Assignment: Print exactly those lines that run from the beginning of the data to the line bearing "Roçadeira Traseira Motorizada", inclusive.

══ Extracted records

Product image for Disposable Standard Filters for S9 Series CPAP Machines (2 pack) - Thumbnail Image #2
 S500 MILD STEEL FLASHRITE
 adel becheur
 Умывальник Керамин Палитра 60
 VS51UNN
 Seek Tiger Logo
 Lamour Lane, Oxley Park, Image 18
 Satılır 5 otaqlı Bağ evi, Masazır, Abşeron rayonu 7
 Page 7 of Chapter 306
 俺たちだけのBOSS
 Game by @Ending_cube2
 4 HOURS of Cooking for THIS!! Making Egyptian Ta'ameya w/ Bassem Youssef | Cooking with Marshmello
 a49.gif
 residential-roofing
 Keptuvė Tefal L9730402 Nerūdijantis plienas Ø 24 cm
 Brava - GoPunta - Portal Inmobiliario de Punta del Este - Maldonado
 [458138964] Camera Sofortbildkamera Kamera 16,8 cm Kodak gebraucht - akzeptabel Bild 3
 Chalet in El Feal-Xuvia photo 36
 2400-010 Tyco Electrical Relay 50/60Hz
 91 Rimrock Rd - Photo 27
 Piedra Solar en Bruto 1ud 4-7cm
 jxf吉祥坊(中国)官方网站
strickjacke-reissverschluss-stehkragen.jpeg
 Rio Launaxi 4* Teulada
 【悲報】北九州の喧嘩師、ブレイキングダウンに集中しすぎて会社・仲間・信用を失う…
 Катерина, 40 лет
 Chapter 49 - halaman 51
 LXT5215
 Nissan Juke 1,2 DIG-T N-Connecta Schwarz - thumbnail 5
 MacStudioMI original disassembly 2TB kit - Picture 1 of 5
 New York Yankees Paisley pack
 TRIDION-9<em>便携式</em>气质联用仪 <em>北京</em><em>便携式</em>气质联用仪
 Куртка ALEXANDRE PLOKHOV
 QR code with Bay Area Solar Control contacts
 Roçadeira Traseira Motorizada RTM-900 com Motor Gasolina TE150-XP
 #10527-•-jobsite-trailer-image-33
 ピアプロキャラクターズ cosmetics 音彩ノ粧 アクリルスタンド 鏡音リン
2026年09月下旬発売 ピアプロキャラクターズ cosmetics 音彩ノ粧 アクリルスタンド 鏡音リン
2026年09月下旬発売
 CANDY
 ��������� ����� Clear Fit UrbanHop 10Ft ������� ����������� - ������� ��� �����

════

Exercise solution:
Product image for Disposable Standard Filters for S9 Series CPAP Machines (2 pack) - Thumbnail Image #2
 S500 MILD STEEL FLASHRITE
 adel becheur
 Умывальник Керамин Палитра 60
 VS51UNN
 Seek Tiger Logo
 Lamour Lane, Oxley Park, Image 18
 Satılır 5 otaqlı Bağ evi, Masazır, Abşeron rayonu 7
 Page 7 of Chapter 306
 俺たちだけのBOSS
 Game by @Ending_cube2
 4 HOURS of Cooking for THIS!! Making Egyptian Ta'ameya w/ Bassem Youssef | Cooking with Marshmello
 a49.gif
 residential-roofing
 Keptuvė Tefal L9730402 Nerūdijantis plienas Ø 24 cm
 Brava - GoPunta - Portal Inmobiliario de Punta del Este - Maldonado
 [458138964] Camera Sofortbildkamera Kamera 16,8 cm Kodak gebraucht - akzeptabel Bild 3
 Chalet in El Feal-Xuvia photo 36
 2400-010 Tyco Electrical Relay 50/60Hz
 91 Rimrock Rd - Photo 27
 Piedra Solar en Bruto 1ud 4-7cm
 jxf吉祥坊(中国)官方网站
strickjacke-reissverschluss-stehkragen.jpeg
 Rio Launaxi 4* Teulada
 【悲報】北九州の喧嘩師、ブレイキングダウンに集中しすぎて会社・仲間・信用を失う…
 Катерина, 40 лет
 Chapter 49 - halaman 51
 LXT5215
 Nissan Juke 1,2 DIG-T N-Connecta Schwarz - thumbnail 5
 MacStudioMI original disassembly 2TB kit - Picture 1 of 5
 New York Yankees Paisley pack
 TRIDION-9<em>便携式</em>气质联用仪 <em>北京</em><em>便携式</em>气质联用仪
 Куртка ALEXANDRE PLOKHOV
 QR code with Bay Area Solar Control contacts
 Roçadeira Traseira Motorizada RTM-900 com Motor Gasolina TE150-XP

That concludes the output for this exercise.